======== Exercise data ========

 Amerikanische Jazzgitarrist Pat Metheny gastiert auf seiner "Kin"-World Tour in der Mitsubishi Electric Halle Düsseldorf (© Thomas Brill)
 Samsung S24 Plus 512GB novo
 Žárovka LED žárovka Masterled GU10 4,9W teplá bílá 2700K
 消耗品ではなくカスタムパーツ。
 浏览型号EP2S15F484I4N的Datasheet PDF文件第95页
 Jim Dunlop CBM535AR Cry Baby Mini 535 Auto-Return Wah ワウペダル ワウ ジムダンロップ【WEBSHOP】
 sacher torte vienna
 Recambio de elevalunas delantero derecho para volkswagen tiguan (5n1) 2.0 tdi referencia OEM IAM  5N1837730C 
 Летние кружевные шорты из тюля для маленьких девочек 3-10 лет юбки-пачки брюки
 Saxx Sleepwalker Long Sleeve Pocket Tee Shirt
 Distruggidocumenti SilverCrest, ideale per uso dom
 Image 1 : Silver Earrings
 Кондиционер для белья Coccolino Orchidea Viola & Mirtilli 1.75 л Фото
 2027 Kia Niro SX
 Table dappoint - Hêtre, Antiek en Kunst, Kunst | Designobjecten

========

• [Your objective]:
Find the line with "Кондиционер для белья" in the listing. Reproduce it and all the lines after it, exactly, through the last line.

• [Problem solution]:
 Кондиционер для белья Coccolino Orchidea Viola & Mirtilli 1.75 л Фото
 2027 Kia Niro SX
 Table dappoint - Hêtre, Antiek en Kunst, Kunst | Designobjecten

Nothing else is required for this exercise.